━━ Material for this exercise ━━
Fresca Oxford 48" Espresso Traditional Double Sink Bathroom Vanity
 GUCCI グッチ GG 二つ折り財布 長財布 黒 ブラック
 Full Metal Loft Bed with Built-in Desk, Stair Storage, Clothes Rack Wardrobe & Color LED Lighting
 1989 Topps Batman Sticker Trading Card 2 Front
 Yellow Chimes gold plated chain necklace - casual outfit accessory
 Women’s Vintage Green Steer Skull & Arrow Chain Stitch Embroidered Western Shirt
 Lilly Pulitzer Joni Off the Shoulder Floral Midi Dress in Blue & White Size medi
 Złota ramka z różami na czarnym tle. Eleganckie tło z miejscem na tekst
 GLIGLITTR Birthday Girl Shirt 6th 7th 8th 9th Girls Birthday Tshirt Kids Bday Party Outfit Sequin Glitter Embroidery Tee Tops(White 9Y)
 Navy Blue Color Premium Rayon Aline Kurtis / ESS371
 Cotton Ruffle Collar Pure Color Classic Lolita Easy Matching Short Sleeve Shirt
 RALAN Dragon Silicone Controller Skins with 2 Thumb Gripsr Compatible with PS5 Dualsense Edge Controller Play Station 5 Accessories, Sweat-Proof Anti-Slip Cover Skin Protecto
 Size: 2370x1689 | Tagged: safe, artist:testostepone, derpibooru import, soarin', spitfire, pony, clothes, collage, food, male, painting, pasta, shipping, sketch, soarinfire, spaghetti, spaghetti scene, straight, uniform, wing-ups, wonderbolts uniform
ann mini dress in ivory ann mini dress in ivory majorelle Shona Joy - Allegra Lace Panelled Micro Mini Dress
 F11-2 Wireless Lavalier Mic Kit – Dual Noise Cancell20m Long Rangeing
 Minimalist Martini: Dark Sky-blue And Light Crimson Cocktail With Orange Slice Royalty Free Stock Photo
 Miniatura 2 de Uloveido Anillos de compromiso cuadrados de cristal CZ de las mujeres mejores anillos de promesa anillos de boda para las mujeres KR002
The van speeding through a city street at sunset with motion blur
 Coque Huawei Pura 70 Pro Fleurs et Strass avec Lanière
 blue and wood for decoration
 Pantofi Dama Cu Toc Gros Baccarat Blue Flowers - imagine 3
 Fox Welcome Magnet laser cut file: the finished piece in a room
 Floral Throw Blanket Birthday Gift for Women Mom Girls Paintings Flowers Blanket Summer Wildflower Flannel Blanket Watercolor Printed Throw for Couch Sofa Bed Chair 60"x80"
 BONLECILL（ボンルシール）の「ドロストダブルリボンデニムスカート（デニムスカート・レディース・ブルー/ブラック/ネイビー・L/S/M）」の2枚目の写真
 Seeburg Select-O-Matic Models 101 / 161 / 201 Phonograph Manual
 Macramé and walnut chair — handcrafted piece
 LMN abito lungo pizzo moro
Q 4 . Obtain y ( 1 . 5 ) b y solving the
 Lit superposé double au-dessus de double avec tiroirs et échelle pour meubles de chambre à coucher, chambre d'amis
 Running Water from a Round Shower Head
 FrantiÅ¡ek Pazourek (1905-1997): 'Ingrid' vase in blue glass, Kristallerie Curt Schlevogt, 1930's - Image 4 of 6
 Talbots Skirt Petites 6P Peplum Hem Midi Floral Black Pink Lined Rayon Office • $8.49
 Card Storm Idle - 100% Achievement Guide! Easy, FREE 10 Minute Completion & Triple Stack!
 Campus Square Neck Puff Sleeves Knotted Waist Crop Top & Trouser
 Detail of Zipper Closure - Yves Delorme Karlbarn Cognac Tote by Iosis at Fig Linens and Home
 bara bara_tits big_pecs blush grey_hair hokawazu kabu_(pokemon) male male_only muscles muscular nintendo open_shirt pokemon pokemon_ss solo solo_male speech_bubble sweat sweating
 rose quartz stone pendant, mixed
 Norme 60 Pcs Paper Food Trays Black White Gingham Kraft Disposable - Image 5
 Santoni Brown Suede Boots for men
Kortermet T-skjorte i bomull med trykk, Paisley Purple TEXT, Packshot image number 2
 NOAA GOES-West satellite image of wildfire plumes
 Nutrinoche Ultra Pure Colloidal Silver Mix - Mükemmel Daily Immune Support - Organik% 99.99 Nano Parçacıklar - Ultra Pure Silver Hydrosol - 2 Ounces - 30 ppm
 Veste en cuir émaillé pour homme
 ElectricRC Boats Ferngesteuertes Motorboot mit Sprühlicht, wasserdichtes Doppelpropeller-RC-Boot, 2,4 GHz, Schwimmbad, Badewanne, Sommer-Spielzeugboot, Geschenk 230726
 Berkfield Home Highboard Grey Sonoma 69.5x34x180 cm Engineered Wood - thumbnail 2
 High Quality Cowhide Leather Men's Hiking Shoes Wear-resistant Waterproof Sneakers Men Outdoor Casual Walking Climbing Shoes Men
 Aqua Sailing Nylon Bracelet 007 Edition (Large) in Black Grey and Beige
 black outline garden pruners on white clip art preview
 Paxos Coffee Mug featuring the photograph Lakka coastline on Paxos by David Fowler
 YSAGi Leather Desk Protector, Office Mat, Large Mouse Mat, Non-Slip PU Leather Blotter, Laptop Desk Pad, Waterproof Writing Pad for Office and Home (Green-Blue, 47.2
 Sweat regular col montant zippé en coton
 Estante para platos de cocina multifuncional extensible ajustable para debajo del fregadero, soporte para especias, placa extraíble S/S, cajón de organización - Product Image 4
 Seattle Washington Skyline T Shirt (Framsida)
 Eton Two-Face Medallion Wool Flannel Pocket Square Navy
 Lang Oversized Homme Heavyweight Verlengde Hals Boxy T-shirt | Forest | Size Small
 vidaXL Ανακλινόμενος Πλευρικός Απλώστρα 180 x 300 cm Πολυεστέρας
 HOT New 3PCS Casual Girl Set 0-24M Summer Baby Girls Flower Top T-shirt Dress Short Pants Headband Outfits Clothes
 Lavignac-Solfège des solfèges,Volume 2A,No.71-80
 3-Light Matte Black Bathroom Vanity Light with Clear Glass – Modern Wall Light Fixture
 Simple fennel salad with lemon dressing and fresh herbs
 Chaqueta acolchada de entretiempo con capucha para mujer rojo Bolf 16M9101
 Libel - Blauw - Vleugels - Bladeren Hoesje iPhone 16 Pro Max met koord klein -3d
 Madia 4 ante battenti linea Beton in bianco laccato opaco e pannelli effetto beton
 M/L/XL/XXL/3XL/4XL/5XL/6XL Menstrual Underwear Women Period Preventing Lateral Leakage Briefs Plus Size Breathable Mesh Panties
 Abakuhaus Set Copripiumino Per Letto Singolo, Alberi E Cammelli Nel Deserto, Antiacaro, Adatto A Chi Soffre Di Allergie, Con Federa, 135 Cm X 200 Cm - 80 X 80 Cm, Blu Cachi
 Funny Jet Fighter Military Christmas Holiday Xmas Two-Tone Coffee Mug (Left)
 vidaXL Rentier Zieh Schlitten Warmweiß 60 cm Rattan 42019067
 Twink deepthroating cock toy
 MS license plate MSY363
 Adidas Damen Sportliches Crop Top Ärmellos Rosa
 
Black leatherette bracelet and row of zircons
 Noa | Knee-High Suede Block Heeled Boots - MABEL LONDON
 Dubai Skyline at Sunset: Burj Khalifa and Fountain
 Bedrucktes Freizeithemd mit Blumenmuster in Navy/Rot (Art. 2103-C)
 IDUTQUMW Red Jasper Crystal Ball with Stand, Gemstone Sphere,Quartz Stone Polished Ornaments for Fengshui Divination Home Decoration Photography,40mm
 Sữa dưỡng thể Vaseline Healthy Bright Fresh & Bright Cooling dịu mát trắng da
━━━
Copy each entry exactly, leaving every line as it is.

Output for this exercise ::
Fresca Oxford 48" Espresso Traditional Double Sink Bathroom Vanity
 GUCCI グッチ GG 二つ折り財布 長財布 黒 ブラック
 Full Metal Loft Bed with Built-in Desk, Stair Storage, Clothes Rack Wardrobe & Color LED Lighting
 1989 Topps Batman Sticker Trading Card 2 Front
 Yellow Chimes gold plated chain necklace - casual outfit accessory
 Women’s Vintage Green Steer Skull & Arrow Chain Stitch Embroidered Western Shirt
 Lilly Pulitzer Joni Off the Shoulder Floral Midi Dress in Blue & White Size medi
 Złota ramka z różami na czarnym tle. Eleganckie tło z miejscem na tekst
 GLIGLITTR Birthday Girl Shirt 6th 7th 8th 9th Girls Birthday Tshirt Kids Bday Party Outfit Sequin Glitter Embroidery Tee Tops(White 9Y)
 Navy Blue Color Premium Rayon Aline Kurtis / ESS371
 Cotton Ruffle Collar Pure Color Classic Lolita Easy Matching Short Sleeve Shirt
 RALAN Dragon Silicone Controller Skins with 2 Thumb Gripsr Compatible with PS5 Dualsense Edge Controller Play Station 5 Accessories, Sweat-Proof Anti-Slip Cover Skin Protecto
 Size: 2370x1689 | Tagged: safe, artist:testostepone, derpibooru import, soarin', spitfire, pony, clothes, collage, food, male, painting, pasta, shipping, sketch, soarinfire, spaghetti, spaghetti scene, straight, uniform, wing-ups, wonderbolts uniform
ann mini dress in ivory ann mini dress in ivory majorelle Shona Joy - Allegra Lace Panelled Micro Mini Dress
 F11-2 Wireless Lavalier Mic Kit – Dual Noise Cancell20m Long Rangeing
 Minimalist Martini: Dark Sky-blue And Light Crimson Cocktail With Orange Slice Royalty Free Stock Photo
 Miniatura 2 de Uloveido Anillos de compromiso cuadrados de cristal CZ de las mujeres mejores anillos de promesa anillos de boda para las mujeres KR002
The van speeding through a city street at sunset with motion blur
 Coque Huawei Pura 70 Pro Fleurs et Strass avec Lanière
 blue and wood for decoration
 Pantofi Dama Cu Toc Gros Baccarat Blue Flowers - imagine 3
 Fox Welcome Magnet laser cut file: the finished piece in a room
 Floral Throw Blanket Birthday Gift for Women Mom Girls Paintings Flowers Blanket Summer Wildflower Flannel Blanket Watercolor Printed Throw for Couch Sofa Bed Chair 60"x80"
 BONLECILL（ボンルシール）の「ドロストダブルリボンデニムスカート（デニムスカート・レディース・ブルー/ブラック/ネイビー・L/S/M）」の2枚目の写真
 Seeburg Select-O-Matic Models 101 / 161 / 201 Phonograph Manual
 Macramé and walnut chair — handcrafted piece
 LMN abito lungo pizzo moro
Q 4 . Obtain y ( 1 . 5 ) b y solving the
 Lit superposé double au-dessus de double avec tiroirs et échelle pour meubles de chambre à coucher, chambre d'amis
 Running Water from a Round Shower Head
 FrantiÅ¡ek Pazourek (1905-1997): 'Ingrid' vase in blue glass, Kristallerie Curt Schlevogt, 1930's - Image 4 of 6
 Talbots Skirt Petites 6P Peplum Hem Midi Floral Black Pink Lined Rayon Office • $8.49
 Card Storm Idle - 100% Achievement Guide! Easy, FREE 10 Minute Completion & Triple Stack!
 Campus Square Neck Puff Sleeves Knotted Waist Crop Top & Trouser
 Detail of Zipper Closure - Yves Delorme Karlbarn Cognac Tote by Iosis at Fig Linens and Home
 bara bara_tits big_pecs blush grey_hair hokawazu kabu_(pokemon) male male_only muscles muscular nintendo open_shirt pokemon pokemon_ss solo solo_male speech_bubble sweat sweating
 rose quartz stone pendant, mixed
 Norme 60 Pcs Paper Food Trays Black White Gingham Kraft Disposable - Image 5
 Santoni Brown Suede Boots for men
Kortermet T-skjorte i bomull med trykk, Paisley Purple TEXT, Packshot image number 2
 NOAA GOES-West satellite image of wildfire plumes
 Nutrinoche Ultra Pure Colloidal Silver Mix - Mükemmel Daily Immune Support - Organik% 99.99 Nano Parçacıklar - Ultra Pure Silver Hydrosol - 2 Ounces - 30 ppm
 Veste en cuir émaillé pour homme
 ElectricRC Boats Ferngesteuertes Motorboot mit Sprühlicht, wasserdichtes Doppelpropeller-RC-Boot, 2,4 GHz, Schwimmbad, Badewanne, Sommer-Spielzeugboot, Geschenk 230726
 Berkfield Home Highboard Grey Sonoma 69.5x34x180 cm Engineered Wood - thumbnail 2
 High Quality Cowhide Leather Men's Hiking Shoes Wear-resistant Waterproof Sneakers Men Outdoor Casual Walking Climbing Shoes Men
 Aqua Sailing Nylon Bracelet 007 Edition (Large) in Black Grey and Beige
 black outline garden pruners on white clip art preview
 Paxos Coffee Mug featuring the photograph Lakka coastline on Paxos by David Fowler
 YSAGi Leather Desk Protector, Office Mat, Large Mouse Mat, Non-Slip PU Leather Blotter, Laptop Desk Pad, Waterproof Writing Pad for Office and Home (Green-Blue, 47.2
 Sweat regular col montant zippé en coton
 Estante para platos de cocina multifuncional extensible ajustable para debajo del fregadero, soporte para especias, placa extraíble S/S, cajón de organización - Product Image 4
 Seattle Washington Skyline T Shirt (Framsida)
 Eton Two-Face Medallion Wool Flannel Pocket Square Navy
 Lang Oversized Homme Heavyweight Verlengde Hals Boxy T-shirt | Forest | Size Small
 vidaXL Ανακλινόμενος Πλευρικός Απλώστρα 180 x 300 cm Πολυεστέρας
 HOT New 3PCS Casual Girl Set 0-24M Summer Baby Girls Flower Top T-shirt Dress Short Pants Headband Outfits Clothes
 Lavignac-Solfège des solfèges,Volume 2A,No.71-80
 3-Light Matte Black Bathroom Vanity Light with Clear Glass – Modern Wall Light Fixture
 Simple fennel salad with lemon dressing and fresh herbs
 Chaqueta acolchada de entretiempo con capucha para mujer rojo Bolf 16M9101
 Libel - Blauw - Vleugels - Bladeren Hoesje iPhone 16 Pro Max met koord klein -3d
 Madia 4 ante battenti linea Beton in bianco laccato opaco e pannelli effetto beton
 M/L/XL/XXL/3XL/4XL/5XL/6XL Menstrual Underwear Women Period Preventing Lateral Leakage Briefs Plus Size Breathable Mesh Panties
 Abakuhaus Set Copripiumino Per Letto Singolo, Alberi E Cammelli Nel Deserto, Antiacaro, Adatto A Chi Soffre Di Allergie, Con Federa, 135 Cm X 200 Cm - 80 X 80 Cm, Blu Cachi
 Funny Jet Fighter Military Christmas Holiday Xmas Two-Tone Coffee Mug (Left)
 vidaXL Rentier Zieh Schlitten Warmweiß 60 cm Rattan 42019067
 Twink deepthroating cock toy
 MS license plate MSY363
 Adidas Damen Sportliches Crop Top Ärmellos Rosa
 
Black leatherette bracelet and row of zircons
 Noa | Knee-High Suede Block Heeled Boots - MABEL LONDON
 Dubai Skyline at Sunset: Burj Khalifa and Fountain
 Bedrucktes Freizeithemd mit Blumenmuster in Navy/Rot (Art. 2103-C)
 IDUTQUMW Red Jasper Crystal Ball with Stand, Gemstone Sphere,Quartz Stone Polished Ornaments for Fengshui Divination Home Decoration Photography,40mm
 Sữa dưỡng thể Vaseline Healthy Bright Fresh & Bright Cooling dịu mát trắng da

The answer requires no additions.